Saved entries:
________

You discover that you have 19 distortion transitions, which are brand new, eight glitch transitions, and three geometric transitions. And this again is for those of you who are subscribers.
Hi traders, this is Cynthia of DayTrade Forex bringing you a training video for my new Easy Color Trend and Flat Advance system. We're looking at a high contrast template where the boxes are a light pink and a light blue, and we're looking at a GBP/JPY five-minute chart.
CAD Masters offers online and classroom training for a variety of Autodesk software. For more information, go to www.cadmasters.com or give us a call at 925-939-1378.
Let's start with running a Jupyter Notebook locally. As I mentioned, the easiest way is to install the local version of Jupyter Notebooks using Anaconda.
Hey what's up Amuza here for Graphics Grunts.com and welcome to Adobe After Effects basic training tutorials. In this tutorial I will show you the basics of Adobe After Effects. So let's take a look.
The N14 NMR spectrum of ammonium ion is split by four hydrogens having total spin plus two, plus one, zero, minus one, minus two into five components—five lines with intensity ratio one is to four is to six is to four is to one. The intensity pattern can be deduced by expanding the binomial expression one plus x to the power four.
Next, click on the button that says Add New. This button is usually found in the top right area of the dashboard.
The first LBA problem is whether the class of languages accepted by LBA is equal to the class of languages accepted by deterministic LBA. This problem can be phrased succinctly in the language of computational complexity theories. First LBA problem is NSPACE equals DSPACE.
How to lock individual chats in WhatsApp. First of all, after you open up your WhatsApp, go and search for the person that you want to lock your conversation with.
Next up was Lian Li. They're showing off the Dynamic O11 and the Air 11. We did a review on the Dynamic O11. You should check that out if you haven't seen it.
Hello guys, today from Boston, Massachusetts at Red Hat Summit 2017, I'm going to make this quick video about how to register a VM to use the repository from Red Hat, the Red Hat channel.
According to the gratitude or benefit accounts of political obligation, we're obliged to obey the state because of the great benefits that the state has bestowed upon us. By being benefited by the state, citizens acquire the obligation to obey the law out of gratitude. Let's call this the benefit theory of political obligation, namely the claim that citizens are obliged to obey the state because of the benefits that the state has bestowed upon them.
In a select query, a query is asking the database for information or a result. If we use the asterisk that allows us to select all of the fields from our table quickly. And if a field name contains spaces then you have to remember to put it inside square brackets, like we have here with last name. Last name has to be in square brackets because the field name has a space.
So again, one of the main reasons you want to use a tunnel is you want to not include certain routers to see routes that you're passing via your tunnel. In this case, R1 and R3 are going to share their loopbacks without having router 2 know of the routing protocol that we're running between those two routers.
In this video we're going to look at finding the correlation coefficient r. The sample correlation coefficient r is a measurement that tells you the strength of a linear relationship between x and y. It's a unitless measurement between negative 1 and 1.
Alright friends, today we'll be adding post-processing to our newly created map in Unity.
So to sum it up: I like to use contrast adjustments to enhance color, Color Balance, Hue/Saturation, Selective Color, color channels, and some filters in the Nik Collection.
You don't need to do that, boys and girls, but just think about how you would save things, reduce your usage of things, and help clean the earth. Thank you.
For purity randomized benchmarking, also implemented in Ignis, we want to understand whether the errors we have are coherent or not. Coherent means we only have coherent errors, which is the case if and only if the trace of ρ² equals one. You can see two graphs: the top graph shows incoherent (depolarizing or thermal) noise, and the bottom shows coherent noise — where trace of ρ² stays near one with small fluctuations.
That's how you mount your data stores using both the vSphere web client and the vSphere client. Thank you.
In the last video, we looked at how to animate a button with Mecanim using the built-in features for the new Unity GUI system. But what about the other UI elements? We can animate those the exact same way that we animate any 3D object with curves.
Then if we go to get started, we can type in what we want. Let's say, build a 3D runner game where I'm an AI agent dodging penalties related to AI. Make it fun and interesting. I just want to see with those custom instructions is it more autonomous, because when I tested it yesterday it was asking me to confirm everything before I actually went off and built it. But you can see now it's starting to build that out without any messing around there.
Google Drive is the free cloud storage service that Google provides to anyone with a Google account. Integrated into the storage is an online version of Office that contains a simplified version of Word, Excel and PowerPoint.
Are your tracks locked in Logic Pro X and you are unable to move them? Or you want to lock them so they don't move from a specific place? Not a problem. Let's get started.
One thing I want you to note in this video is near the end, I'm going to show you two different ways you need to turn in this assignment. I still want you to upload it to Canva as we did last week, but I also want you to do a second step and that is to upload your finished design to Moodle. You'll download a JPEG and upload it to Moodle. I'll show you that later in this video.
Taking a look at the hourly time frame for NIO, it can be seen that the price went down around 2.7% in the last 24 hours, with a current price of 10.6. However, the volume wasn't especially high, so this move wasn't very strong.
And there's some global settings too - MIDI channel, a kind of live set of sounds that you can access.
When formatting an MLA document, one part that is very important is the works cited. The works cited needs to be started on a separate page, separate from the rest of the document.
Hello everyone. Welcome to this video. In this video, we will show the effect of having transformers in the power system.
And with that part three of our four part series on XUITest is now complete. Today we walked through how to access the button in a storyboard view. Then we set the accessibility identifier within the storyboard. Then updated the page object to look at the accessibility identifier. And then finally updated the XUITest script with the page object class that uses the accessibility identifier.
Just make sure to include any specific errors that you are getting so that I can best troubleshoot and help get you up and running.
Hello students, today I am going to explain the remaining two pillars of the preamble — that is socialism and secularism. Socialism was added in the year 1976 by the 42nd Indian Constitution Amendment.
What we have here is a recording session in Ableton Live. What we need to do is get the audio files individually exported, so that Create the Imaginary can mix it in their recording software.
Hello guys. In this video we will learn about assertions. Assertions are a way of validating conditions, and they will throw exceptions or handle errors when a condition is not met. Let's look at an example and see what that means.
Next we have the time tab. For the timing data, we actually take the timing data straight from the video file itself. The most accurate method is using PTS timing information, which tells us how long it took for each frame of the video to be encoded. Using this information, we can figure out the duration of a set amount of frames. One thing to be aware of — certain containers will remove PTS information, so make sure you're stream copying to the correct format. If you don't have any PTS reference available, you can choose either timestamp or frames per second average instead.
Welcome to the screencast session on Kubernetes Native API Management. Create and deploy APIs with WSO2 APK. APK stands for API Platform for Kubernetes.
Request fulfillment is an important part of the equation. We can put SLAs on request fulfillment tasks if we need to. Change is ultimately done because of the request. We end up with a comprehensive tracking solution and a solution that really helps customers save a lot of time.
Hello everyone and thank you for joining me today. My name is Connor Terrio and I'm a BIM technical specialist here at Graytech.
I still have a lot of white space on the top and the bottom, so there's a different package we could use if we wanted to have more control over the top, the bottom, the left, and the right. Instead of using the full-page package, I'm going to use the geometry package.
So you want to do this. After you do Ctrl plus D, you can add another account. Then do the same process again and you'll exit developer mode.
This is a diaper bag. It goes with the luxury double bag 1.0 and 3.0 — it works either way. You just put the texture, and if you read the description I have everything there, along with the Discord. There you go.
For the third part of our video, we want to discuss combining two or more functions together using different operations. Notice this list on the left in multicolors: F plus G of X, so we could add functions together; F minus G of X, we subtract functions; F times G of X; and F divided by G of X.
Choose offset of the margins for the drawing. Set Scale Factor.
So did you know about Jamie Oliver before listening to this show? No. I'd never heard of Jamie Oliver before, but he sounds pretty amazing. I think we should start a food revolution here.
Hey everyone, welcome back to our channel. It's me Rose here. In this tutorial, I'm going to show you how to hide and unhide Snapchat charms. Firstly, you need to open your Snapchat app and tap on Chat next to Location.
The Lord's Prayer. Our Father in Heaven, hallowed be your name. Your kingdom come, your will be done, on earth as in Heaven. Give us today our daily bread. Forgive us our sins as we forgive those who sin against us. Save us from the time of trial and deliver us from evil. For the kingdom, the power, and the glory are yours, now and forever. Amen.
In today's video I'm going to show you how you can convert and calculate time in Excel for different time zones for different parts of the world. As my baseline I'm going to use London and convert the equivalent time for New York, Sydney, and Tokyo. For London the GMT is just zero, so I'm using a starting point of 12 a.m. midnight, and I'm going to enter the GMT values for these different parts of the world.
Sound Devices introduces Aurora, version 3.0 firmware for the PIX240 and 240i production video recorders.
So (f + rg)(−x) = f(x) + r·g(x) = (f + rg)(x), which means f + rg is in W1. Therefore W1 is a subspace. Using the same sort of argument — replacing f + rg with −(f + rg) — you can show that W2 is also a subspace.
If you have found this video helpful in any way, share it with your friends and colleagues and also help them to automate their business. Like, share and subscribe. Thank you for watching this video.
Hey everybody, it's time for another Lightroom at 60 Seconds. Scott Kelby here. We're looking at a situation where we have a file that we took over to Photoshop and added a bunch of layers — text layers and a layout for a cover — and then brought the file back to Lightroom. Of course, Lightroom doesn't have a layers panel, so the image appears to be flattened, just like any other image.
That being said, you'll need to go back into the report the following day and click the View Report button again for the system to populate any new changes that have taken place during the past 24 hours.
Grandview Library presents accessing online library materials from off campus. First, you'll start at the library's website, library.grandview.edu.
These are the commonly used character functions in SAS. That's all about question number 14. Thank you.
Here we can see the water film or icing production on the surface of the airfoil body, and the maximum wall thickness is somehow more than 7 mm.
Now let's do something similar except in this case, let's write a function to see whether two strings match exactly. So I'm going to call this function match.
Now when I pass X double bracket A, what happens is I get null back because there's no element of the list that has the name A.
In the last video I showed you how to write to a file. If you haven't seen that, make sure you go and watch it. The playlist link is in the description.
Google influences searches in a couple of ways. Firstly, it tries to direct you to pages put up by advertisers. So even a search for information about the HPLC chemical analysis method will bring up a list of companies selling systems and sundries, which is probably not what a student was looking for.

________

• _TASK STATEMENT_: If a line in the entries holds the word "tells", count it. Report the total only.

• _ANSWER AREA_: 2